E o que se seguiu foi a primeira sucessão de rebuliços, que tiveram como banda sonora «Colossus», «Gift horse», «Mr. Motivator» e «Mother», abrandando um pouco em «Pop Pop Pop», para toda a gente normalizar o fôlego. É que, logo de seguida, nova chamada para o mosh ao som de «I’m scum», que aconteceria igualmente com «1049 Gotho» e «The wheel».
A esta altura já Joe Talbot tinha dividido a plateia em duas partes, desafiando o público a chocar de frente, já o guitarrista Lee Kiernan tinha feito crowdsurf e já muitos demónios tinham sido exorcizados por toda aquela massa humana que enchia a Super Bock Arena.

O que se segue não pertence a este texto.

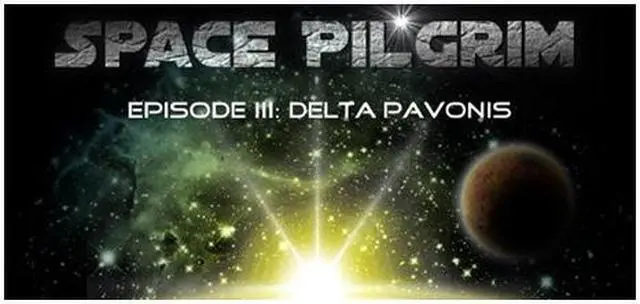 Main image of Space Pilgrim Episode III: Delta Pavonis - PC [Steam Online Game Code]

Enquanto Joe Talbot, carregadinho de bicho-carpinteiro e propenso à pose, exortava e desafiava o público, a esquizofrenia das guitarras de Mark Bowen e Lee Kiernan ensandecia os corpos que se agitavam incessantemente e libertava os espíritos que dançavam ao ritmo alucinante e quase animalesco imposto por Jon Beavis na bateria, sempre bem assessorado pelo marcante baixo de Adam Devonshire.
A mole que lotou o Palácio de Cristal era formada por gente de diversas gerações, sendo que os mais novos, também mais enérgicos, se mostravam muito agitados no mosh e no crowdsurfing. Era bem visível pela agitação, entusiasmo e sorrisos largos na plateia a satisfação do público, mas a que se sentia do palco era quase palpável. Aliás, Joe Talbot fez questão de, por diversas vezes, bradar bem alto a “gratidão” pelo que o público lhes proporciona.
«Divide and Conquer», «Meds», «Televison», «Hall & Oates», «Crawl!», o relampejante «Wizz» ou «Never fight a man with a perm» criaram diferentes atmosferas dentro do ambiente electrizante que se sentia na sala, mas sempre sem cedências. A urgência da música assim o impunha!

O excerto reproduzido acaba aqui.